The gold went to the Russian team who edged out USA in front of a vociferous home support but bronze never looked in doubt for the Brits as newly-crowned 400m world champion Ohurougu never looked troubled on the anchor leg.

“I’m really happy,” captain Ohuruogu said.  “We’re not quite finished as a team yet in the champs, we’ve still got one day left, but I think it’s been a good day for us.

“I really am proud of the team; they all turn up, show up and do exactly what’s asked of them, they’re phenomenal athletes.

“Eilidh with what she’s run, Margaret who stepped in last minute to cover for Perri [Shakes-Drayton] and Shana who always runs a good leg.

“I’ve got a bronze and a gold for me which is great but to be honest after the relay I’m more happy for my teammates in getting a bronze.”

And finally Adam Gemili was powerless to prevent Usain Bolt streaming to his seventh world title in the 200m final but the 19-year-old is confident it is only a matter of time before he is challenging for medals of his own.

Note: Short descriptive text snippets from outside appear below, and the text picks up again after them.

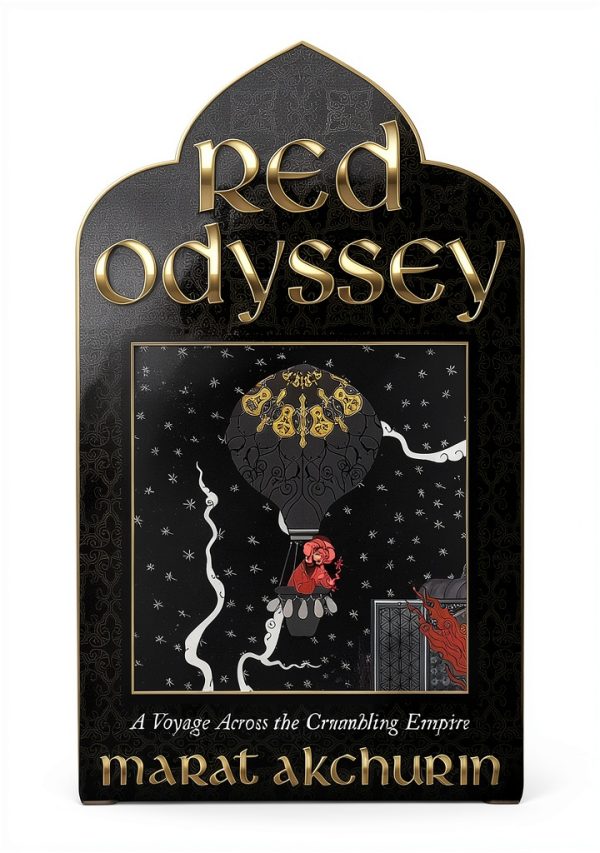 Russia Travel Guide Kindle Edition by iUniverse 2022-0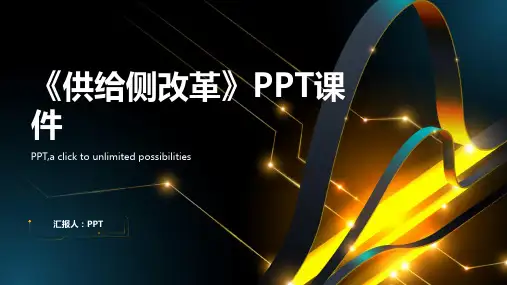 《供给侧改革》课件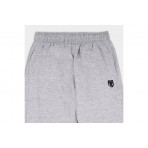 Antetokounbros Family Co. Παντελόνι Φόρμας Ανδρικό (APCD352M07B GRAY MELANZE)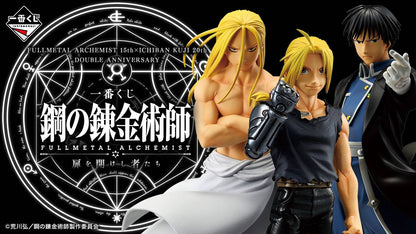 Figura Ichiban Kuji Fullmetal Alchemist Edward Elric - Masterlise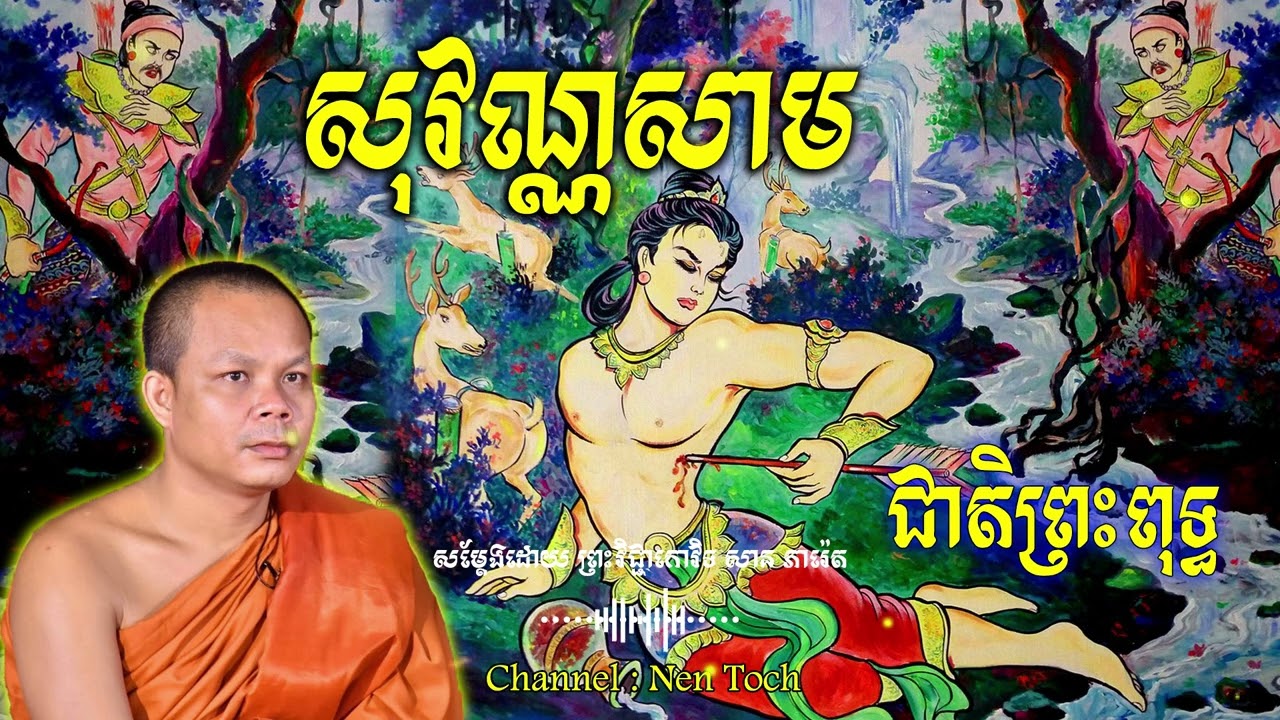 សុវណ្ណសាម ជាតិព្រះពុទ្ធ_🙏🌿💖សម្តែងដោយ ព្រះវិជ្ជាកោវិទ សាន ភារ៉េត​ San Pheareth
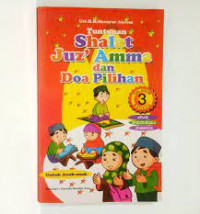 Image of Tuntunan Shalat Juz' Amma dan Doa Pilihan Arab Indonesia Inggris
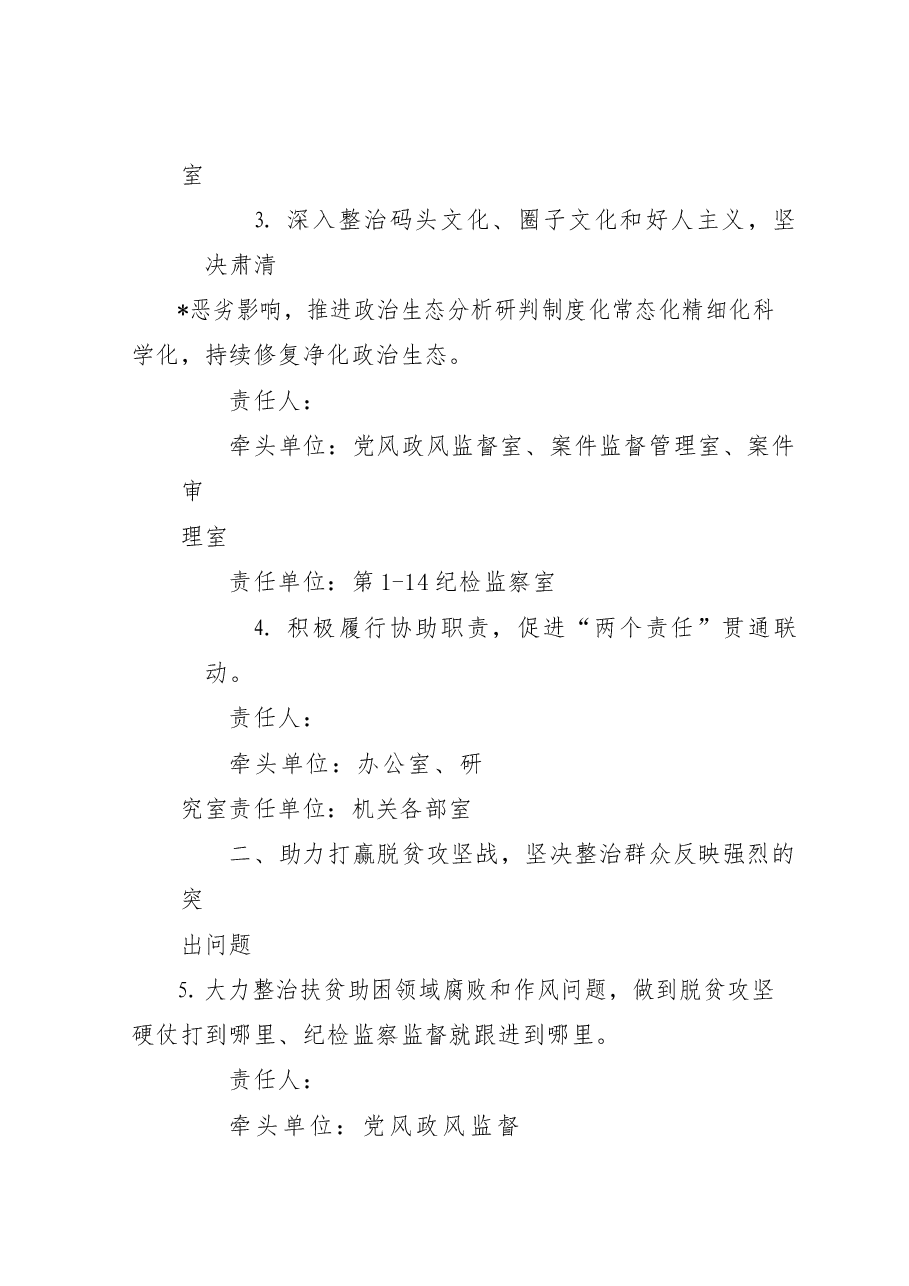 (20篇)党风廉政建设和反腐败工作讲话、要点、责任书.docx,第4页预览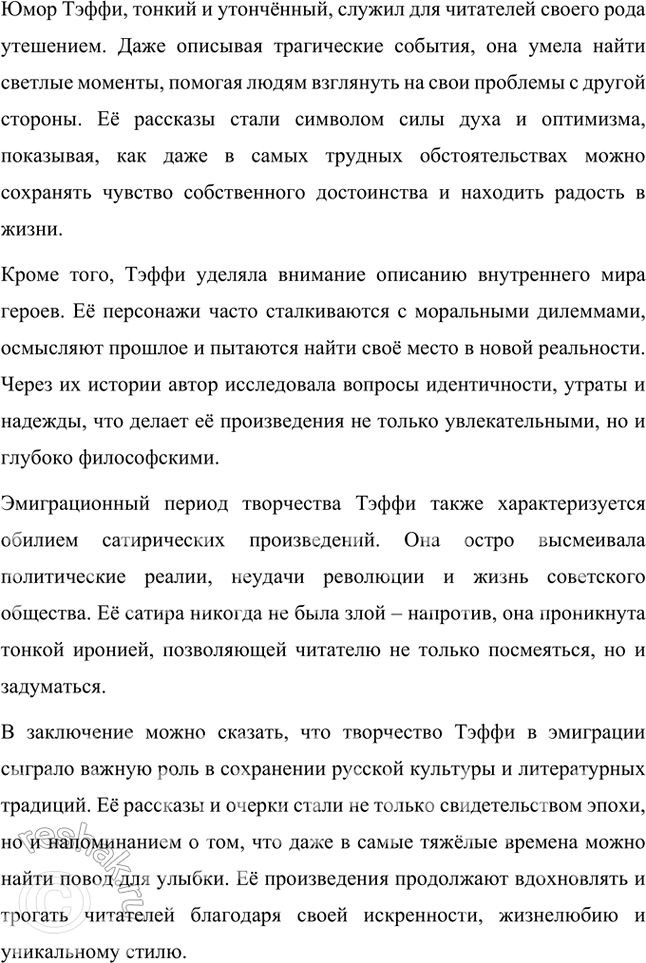 Решение задачи: Основные теоретические понятия Классический реализм, неореализм, автобиографическое повествование, жанры литературной биографии и автобиографии, мемуары, документализм, духовный (религиозный) роман, сказ, очерк, сатира, юмор, комическое, символика, исповедальное начало, лиризация повествования.
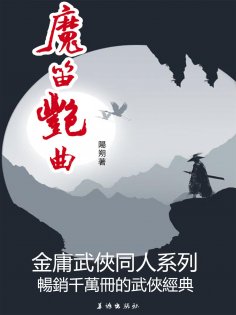 eBook: 魔笛豔曲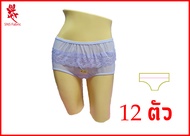 กางเกงในลูกไม้ ลูกไม้ตรง กางเกงในผ้าไนล่อน กางเกงในยกโหล 12 ตัว M - XXL กางเกงในผ้าลื่น กางเกงในไนลอน กางเกงในคนอ้วน กางเกงในคนแก่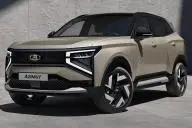 автомобиль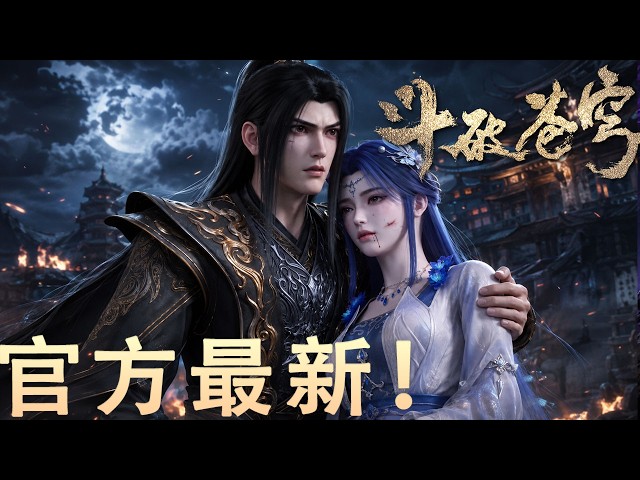 🪓【独家！官方加更】十集连看！魂天帝真身降临！萧炎被困药族，药丹族长召唤药帝残魂对抗虚无吞炎！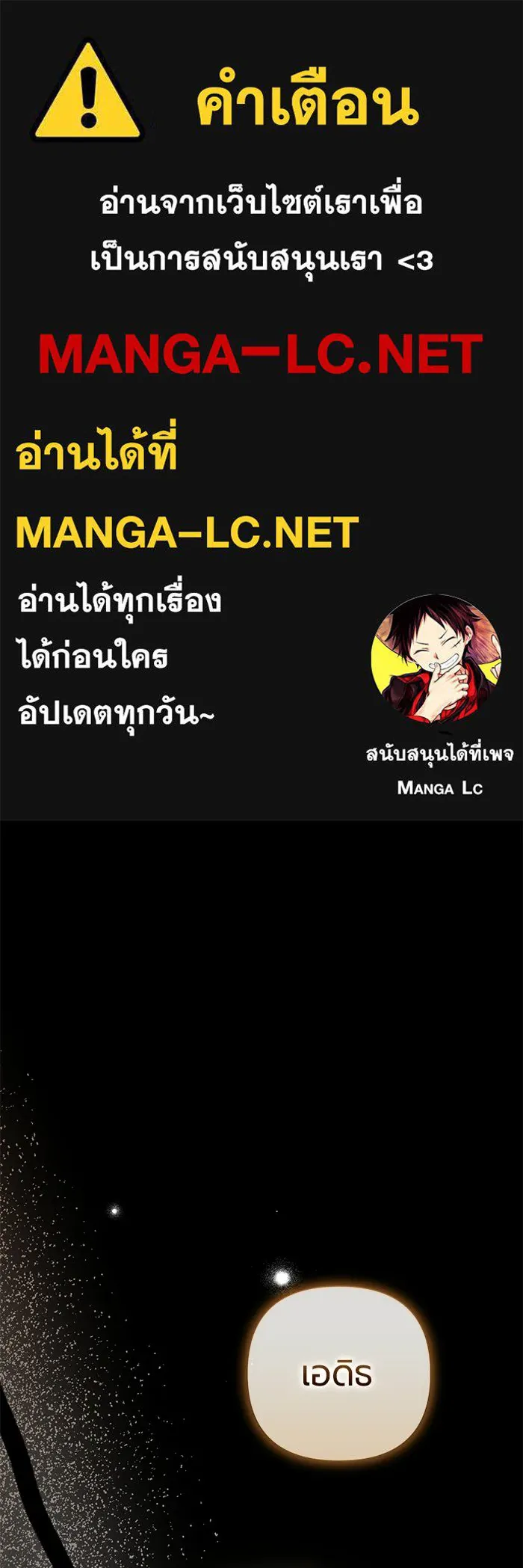 แด่ดยุกผู้สมบูรณ์แบบ ตอนที่ 1 รูปที่ 1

Gemili ended up fifth in a time of 20.08 seconds, only four-hundredths-of-a-second behind America’s Curtis Mitchell who took bronze.

And while that was slightly down on his historical effort of 19.98 in the semi-final the night before, this was Gemili’s first-ever global outdoor final and the youngster was delighted with his efforts.

“What an incredible experience that was for my first senior final, to be outside of Usain Bolt and just being the top eight in the world and then finish fifth, I'm very proud and very grateful,” said Gemili.

“I was introduced just after Bolt when the whole crowd erupted and I was thinking wow I hope one day that could be me, it just puts a smile on my face so I can stay relaxed.

“It was very close to a medal, and I missed out on the 100m final at London 2012 by four hundredths of a second as well.

“Hopefully as I get older and a bit stronger that gap will come down and in a few years I will be up there getting medals.”